In it they say the crisis is being made more urgent by "an urban time bomb as millions of people flood into major cities of the world's poorest countries". In the early 1970s the Bangladeshi capital, Dhaka, had about 250,000 people. Today it has more than 10 million.
A senior city official said last month: "The entire city is a cesspool, a septic tank... the urban poor have no sanitation facilities whatsoever. The situation is getting worse by the minute."
Across the world, the report says, 160,000 people migrate from the countryside to the cities every day. It cites the man forever linked with the Indian independence struggle, Mahatma Gandhi, who once said: "Sanitation is more important than independence."
The head of the World Health Organisation, Dr Gro Harlem Bruntland, said: "Safe water supply and adequate sanitation to protect health are among the basic human rights.

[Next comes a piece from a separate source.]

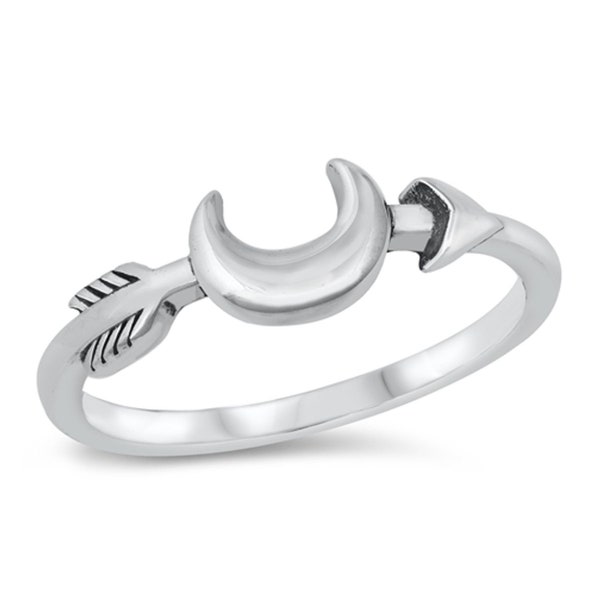 Personalized 925 Sterling Silver Moon and Arrow Ring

Ensuring their availability would contribute immeasurably to health and productivity for development."
The report urges the UK Government to work to halve the number of people without adequate sanitation by 2015, and to ensure it is available to everyone by 2025. It also wants ministers to set a timetable for increasing the UK's overseas aid to meet the long-standing UN target of 0.7% of gross national product (GNP).
In 2000 the UK gave 0.32% of its GNP in aid. The charities say the scale of the problem is huge: in the last 10 years, diarrhoea has killed more children than the total number of people killed in armed conflict since the second world war.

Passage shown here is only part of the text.